Asset division is at the heart of the matter in the financial segment of a divorce. The distribution of marital assets between the spouses largely determines their financial stability and economic future.
Businesses are some of the most pivotal assets considered by the court. How those businesses are valued directly influences the distribution. A key component of business asset division is goodwill.
What is Goodwill?
Goodwill is a complex area of valuation that hinges on unseeable worth. In general, a business's goodwill is its value above and beyond the fair market value. Goodwill is comprised of the business' brand (which includes reputation, identity, and recognition), its customer base, the management approach, as well as more tangible items such as proprietary formulas, technology, and systems. These items increase the value of the company beyond its visible assets and receivables.
An excellent example of this is Toyota. The company had tremendous goodwill before its delayed response to the gas pedal malfunction in its vehicles. This PR disaster could have destroyed the company, but Toyota had such positive goodwill that it has mostly rebounded from this crisis. That kind of goodwill is difficult to pinpoint, isolate, and value, but it has an enormous worth and frequently is essential to a company's stability and growth.
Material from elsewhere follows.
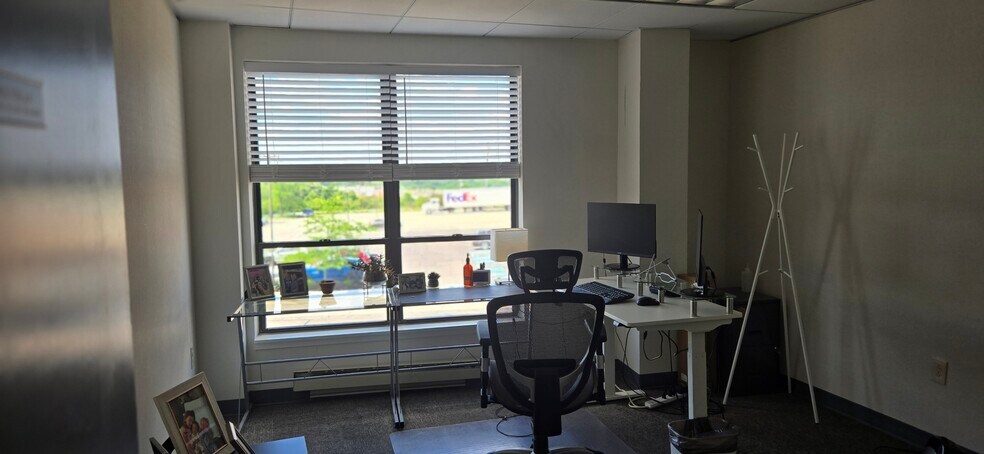 More Photos Of 100 Park Manor Dr, Pittsburgh Freestanding For Lease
When a business is valued in a divorce, its worth must be entirely and thoroughly assessed. Goodwill must be a critical part of this valuation. If goodwill is not considered, the company will be distinctly undervalued. An undervaluation is advantageous for the moneyed spouse who will likely continue to own the company after the divorce. However, the spouse who will be bought out of the company needs the valuation to be thorough and all-encompassing to ensure they are compensated for the true value of the company.
Enterprise Goodwill vs. Personal Goodwill
There are two important types of goodwill involved in a business. Enterprise goodwill is the type described above, attaching to the actual business itself and remaining inherent in its makeup. Enterprise goodwill cannot be separated out from the business. Personal goodwill is the other crucial kind of goodwill that is critical to the valuation of a business. Personal goodwill stems from a singular person who is the owner of the business or a professional with a practice that either makes up the entire business or creates a distinct value for their role in the business.
Personal goodwill is based on that particular person's reputation, experience, and network in that specific industry or realm of business. A book of business and contacts are important elements of personal goodwill. An indication that there is important personal goodwill is the presence of a non-compete clause. This signals that this person has some intrinsic value that is not contained within the company itself and that they take wherever they go.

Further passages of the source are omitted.